• DATA FOR ANALYSIS:
◆ ◆ ◆

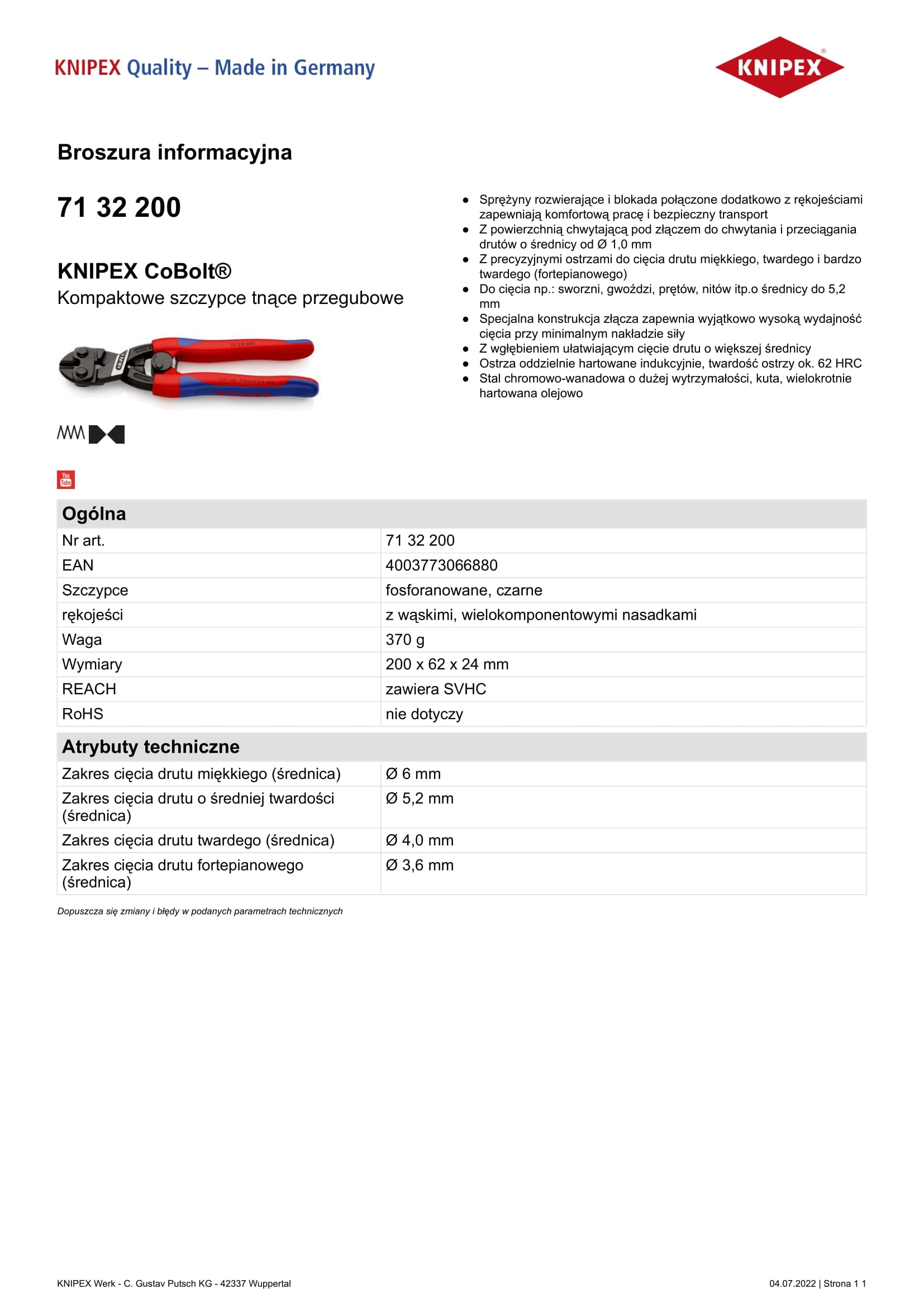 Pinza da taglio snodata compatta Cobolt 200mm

◆ ◆ ◆

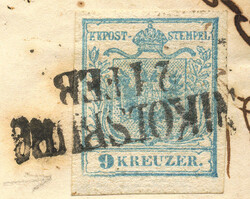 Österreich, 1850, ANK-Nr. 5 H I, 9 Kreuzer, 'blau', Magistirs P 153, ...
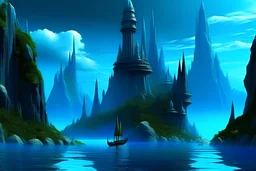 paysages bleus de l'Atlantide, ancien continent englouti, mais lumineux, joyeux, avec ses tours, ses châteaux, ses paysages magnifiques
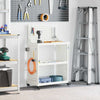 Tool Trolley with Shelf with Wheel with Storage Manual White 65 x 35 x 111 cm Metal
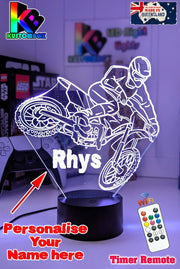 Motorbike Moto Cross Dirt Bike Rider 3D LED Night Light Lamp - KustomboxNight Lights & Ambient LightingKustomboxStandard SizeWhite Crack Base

◆ ◆ ◆

• ASSIGNED TASK:
Pictures excluded, give again exactly and only the lines of the material above from the line with "paysages bleus de" through the line with "Motorbike Moto Cross".

• SOLUTION FOR THIS EXERCISE:
 paysages bleus de l'Atlantide, ancien continent englouti, mais lumineux, joyeux, avec ses tours, ses châteaux, ses paysages magnifiques
 Tool Trolley with Shelf with Wheel with Storage Manual White 65 x 35 x 111 cm Metal
 Motorbike Moto Cross Dirt Bike Rider 3D LED Night Light Lamp - KustomboxNight Lights & Ambient LightingKustomboxStandard SizeWhite Crack Base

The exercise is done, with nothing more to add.